And terminal-local and other stuff.

> This has been a workable compromise for me in those cases where I
> want to use it (eg, faces, where specifiers implement flexibility
> very similar to Emacs's defface; XEmacs's faces are implemented as a
> wrapper around a set of specifiers containing display properties).
> There are a few other cases where I've enjoyed the flexibility
> (usually controlling behavior of functions associated with active
> regions in a display, and in controlling display elements such as
> toolbars, tabs, and scrollbars).
>
> David Kastrup may have an informative opinion, since he found
> XEmacs's glyph (~ Emacs image) API, uh, "annoying" (and even its
> author admits it's probably excessively complex and detailed).  But
> I'm not sure whether he objects to the idea of such an API, or
> merely to XEmacs's implementation in glyphs.

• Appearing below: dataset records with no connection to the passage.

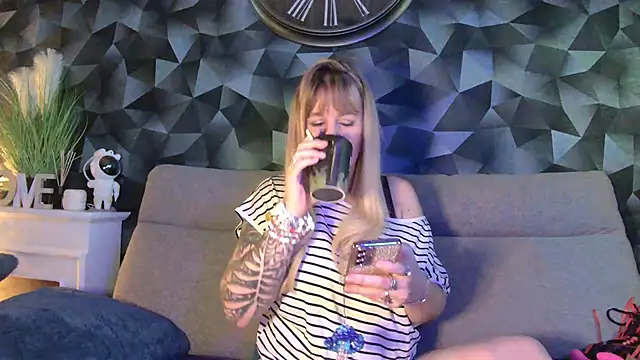 Delichieuse5 online show from 1, 3, 2025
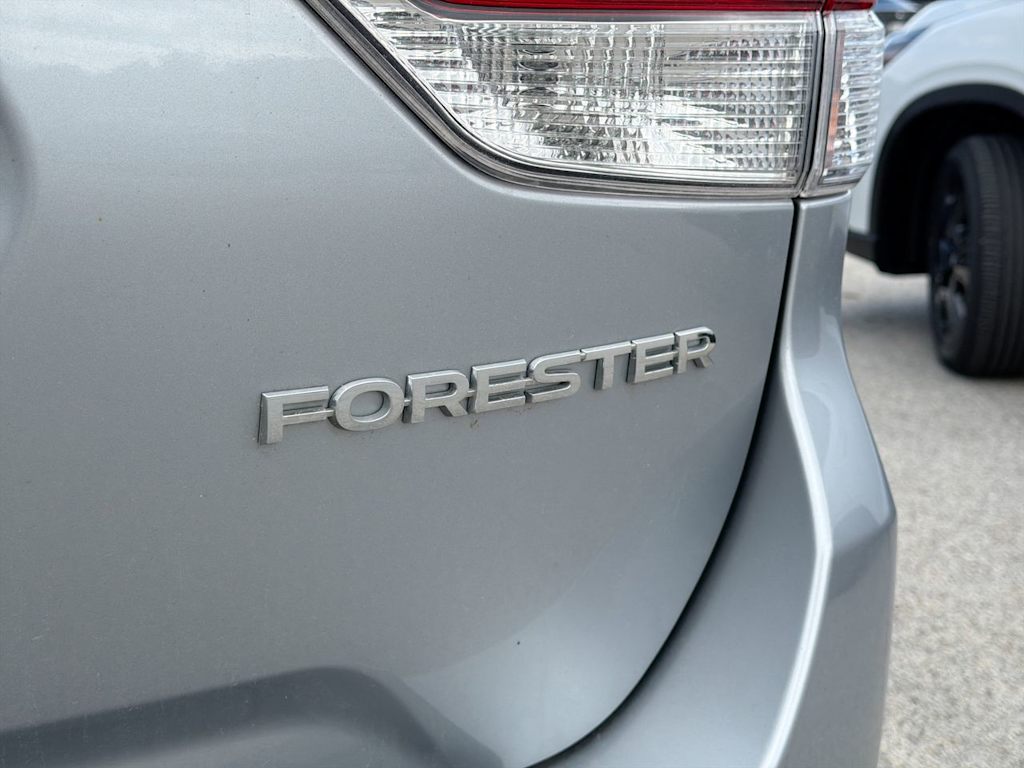Thumbnail: 2020 Subaru Forester - 23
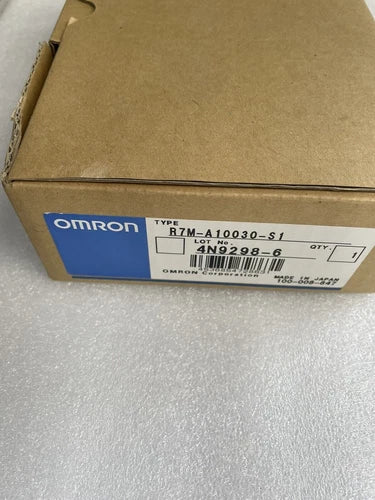 Omron R7M-A10030-S1 Servo Motor One ping R7MA10030S1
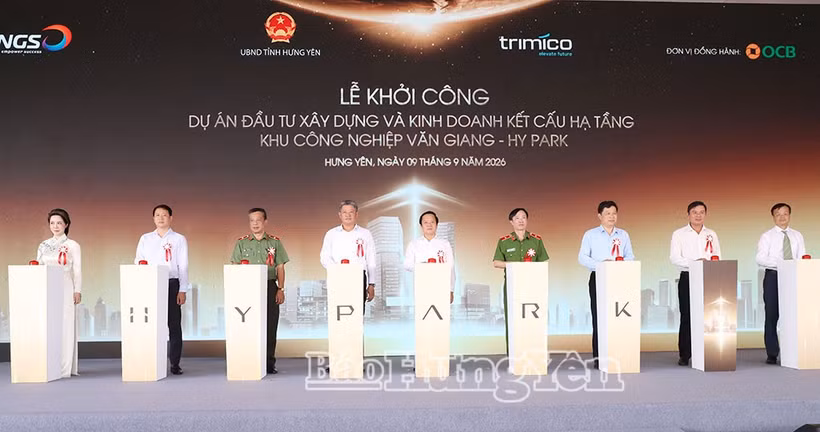 Since the beginning of the year, Hung Yen province has launched the construction of numerous industrial parks, industrial clusters, social housing projects and key transport infrastructure works, creating more room for investment attraction and production growth. (In the photo: Officials launch the construction of the Van Giang Industrial Park infrastructure development and business project in Nghia Tru commune.) (Photo: Hung Yen Newspaper)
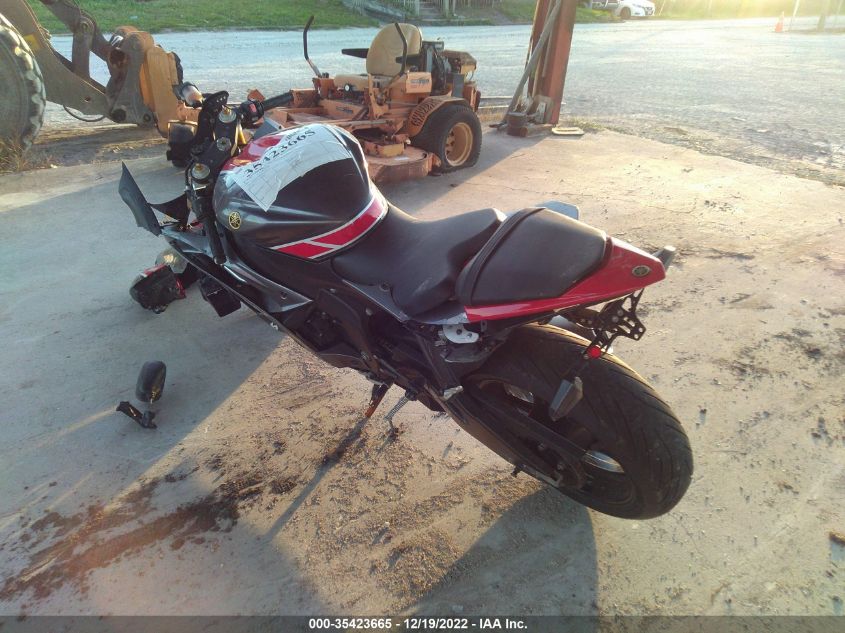 2014 YAMAHA YZFR6 JYARJ16E6EA031439
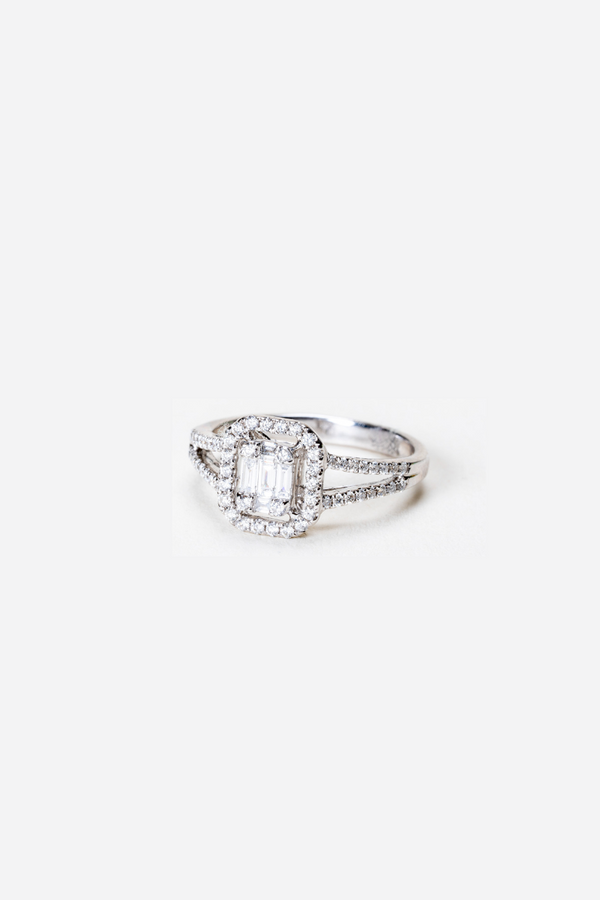 18k White Gold Diamond Ring Size 5.5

You should use quote marks only around things you actually quote.  I
don't think I called them "annoying".  I certainly was quite annoyed
when I fought with understanding them, but my annoyance was more
directed against their creators.  "incomprehensible" would more likely
be a word I would have used to describe them.

My main problem with specifiers and locales and instantiators was (I
am using the past tense here not because I have by now understood
them, but because I have stopped investing any more time into them)
that they more or less magically change from one form to another, and
it is rather incomprehensible when they do which.  I hear that the
documentation is supposed to be more comprehensive by now, but the
point is that the documentation needs to be (and is) all over the
place.  In contrast, the *-local variables of Emacs need just a single
place in the manual to explain, giving all the _additional_ story
while working like a normal bindings otherwise.  And that is something
which can be used and understood by non-magicians.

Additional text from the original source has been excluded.